That is super important, because we could only guess that water will become a very important social topics for discussion in Spain, and now it's becoming a reality. So we are finding that some of our clients, in fact, are now turning to us because they had designed for data centers in other parts of Spain, in which water is a problem and they are turning to us and asking whether we can replace their designed by our design, so that it doesn't consume water and is accepted by the authorities in terms of licensing. So that is creating a very, very huge opportunity for us.
I believe the other big feature, which is important for us is that all of our DCs are powered primarily by renewable energy. So, the one in the back country by a ground installation and ones in Madrid and Barcelona via mix between photovoltaic panels of the buildings and roof-mounted panels in our logistic sheds close by.
Okay. That's great. Thank you very much, Ismael. Thank you.
So the next question comes from the line of [Peter Brom] (ph) from Kempen. Peter, the floor is yours.
Hi, team, thanks for taking my question. I got one question. If we look at the like-for-like rental growth of 7.7%, could you maybe give a split of how much of that is driven by indexation? And could you also give per segment, maybe a detail, how much of the like-for-like rental growth is driven by indexation?
Okay. Peter, I will take this question. So overall, it's about 63% of the 7.7% like-for-like that we released and by segment. So, if you take a look at offices about 60% of the 7.5%, so that is 4.5% comes from CPI. Logistics is actually 140% okay because as you know, occupancy is negative, so it's about 6% the increase that we've had from CPI. And in shopping centers, it's out of the 10.5% is 6.5%, so that makes for 62% of the whole thing coming from CPI.
Okay. That's very clear. Thanks a lot.
You're very welcome. So the next question comes from the line of Florent Laroche from ODDO. Florent, the line is yours.
Yes. Hello. So, thank you for the presentation. So maybe, yes, I would have maybe same question. The first one on the guidance and indexation. So what would be as indexation that we could expect all you have taken into account in the guidance for H2 2023? And so, why should we consider this guidance -- upgraded guidance as a right one and not a conservative guidance?
Maybe my second question on data centers. Could you please remind what would be the yield on cost for data centers that will deliver shortly? And what would be its market share? And so, as the answer, should we expect some value creation to be recorded in H2 with the delivery of this data centers?
And maybe a third question on shopping center. So, we can see that you have a very dynamic activity in shopping centers. And so what is the project today at MERLIN Properties with shopping centers? Thank you.
Okay.
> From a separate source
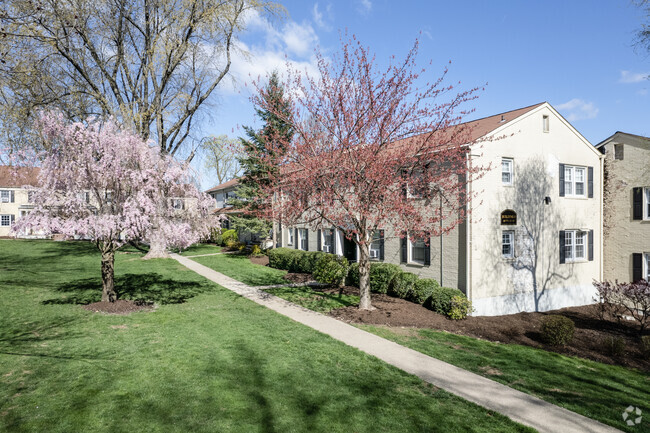 Building Photo - Hilltop Manor Apartments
Regarding the second half, CPI, of course, we don't have a crystal ball, but we believe is going to be between 2% and 3%. Up to now we have been able to pass around 6.5% in the first half, but in the second half, we believe the nominal CPI should come down significantly. Although we remain hesitant because the base effect of the energy prices may soon, let's say, expire. So let's see what happens towards October, November, because that will be very important, but at least in August, September, we believe, like in July the inflation will remain relatively -- let's say, nominal inflation will remain relatively low, because core inflation is super high in Spain 6.7%, but regrettably, our contracts are not indexed to core, are indexed to nominal. Okay. So, expect lower indexation for the second half.
Regarding whether the forecast is conservative or not, I will give the word to Mr. Conservative, who is our Chief Financial Officer, Miguel Ollero.
Florent, in the end, the first half of the year has been -- on the past standpoint, has been above our predictions, mainly driven by the fact that we've had, as Ismael was pointing out, a very high inflation attached to the context that we were renewing on an annual basis. And also on top of it, as you were already seeing in the first quarter, we had a very good impact from variable rent coming from shopping centers is something we cannot be counting on for the second half of the year. Also on inflation, it will be softer, as Ismael was pointing out. So in the end, I shouldn't qualify the guidance for the year as a conservative one. We would like to be as much as realistic as possible, considering that also for the second half of the year, there are lots in the horizon that you never know how this is going to be. But for sure, we don't think it's going to be multiplying first half by two. So, we are thinking that it's going to be under €0.60.
Well, regarding the data centers yield on cost, at present, the ones we are opening we remain faithful of the 11.2%, remember that 11.2% is once fully occupied, so of course will not happening at the beginning. At the beginning, it will be disastrous yield on cost, because it will be the whole box built and just 3 megawatts fitted, so it's going to be a piece of [indiscernible]. But then when the whole thing is finished and fitted the yield on cost we are faithful, it will be in the region of 11.2%.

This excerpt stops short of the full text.